If you aren’t already stoked for this year’s big MacBook Pro upgrade, perhaps this concept will help. The video imagines the rumored OLED touch bar that all the rumors have been promising, and all the incredible functionality it could bring.
Reliable KGI Securities analyst Ming-Chi Kuo was first to promise the OLED touch bar in a note to investors, while pictures of the new MacBook Pro’s chassis that were obtained by Cult of Mac all but confirm it will happen.
The touch bar takes the place of the physical function keys we have now, and offers more flexibility. In the “iKeys” concept video below, which was actually published back in 2014, we get an idea of what kind of functionality that touch bar could provide.
By working closely with the software powering the MacBook Pro, the touch bar in this concept quickly adapts to become more useful when you’re carrying out different tasks. For instance, after opening Safari, it presents a bunch of links to your favorites.
When you’re viewing a video on YouTube, the touch bar then displays playback controls, a search shortcut, and buttons for things like fullscreen and comments.
The concept imagines ditching the mouse and moving all the tools you’ll need to the touch bar when using a program like Microsoft Word. This doesn’t just make common functions super easy to access, but it also frees up space on the primary display.
The same happens inside applications like Photoshop and CAD. While watching a movie, the progress bar and all controls move into the touch bar to prevent anything from getting in your way. Notifications can appear here, too, so you’re not distracted.
The touch bar doesn’t just recognize the applications you’re using. When you plug in headphones, it automatically displays shortcuts to relevant apps — like iTunes and iBooks — recent albums and podcasts, and volume controls.

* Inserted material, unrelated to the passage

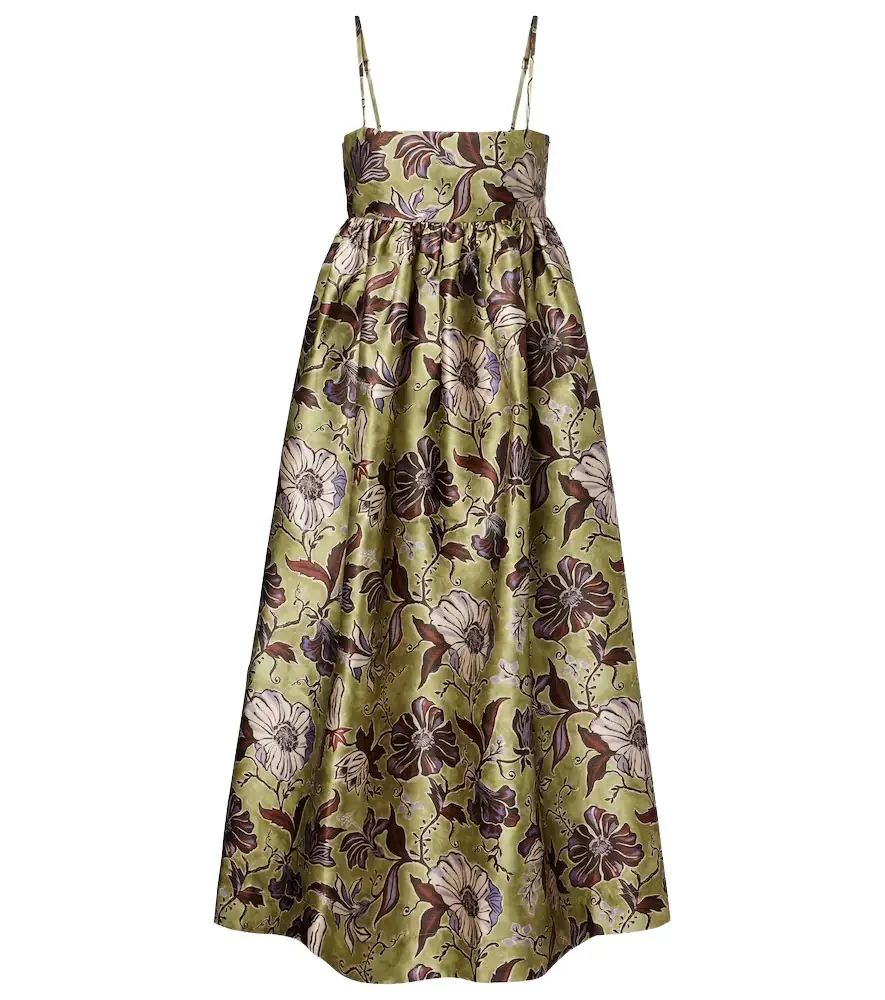 Alemais Alémais Citron floral midi dress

In the image below, the touch bar also acts as the function keys — as we expect from the new MacBook Pro. It’s also where you’ll find toggles for things like Wi-Fi, Bluetooth, and display brightness.
I mentioned a few of these functions for the touch bar in my post on why bringing this feature to the MacBook Pro is a great idea. There are plenty of other uses for it, too, and if Apple opens it up to third-party developers, it will become even more powerful.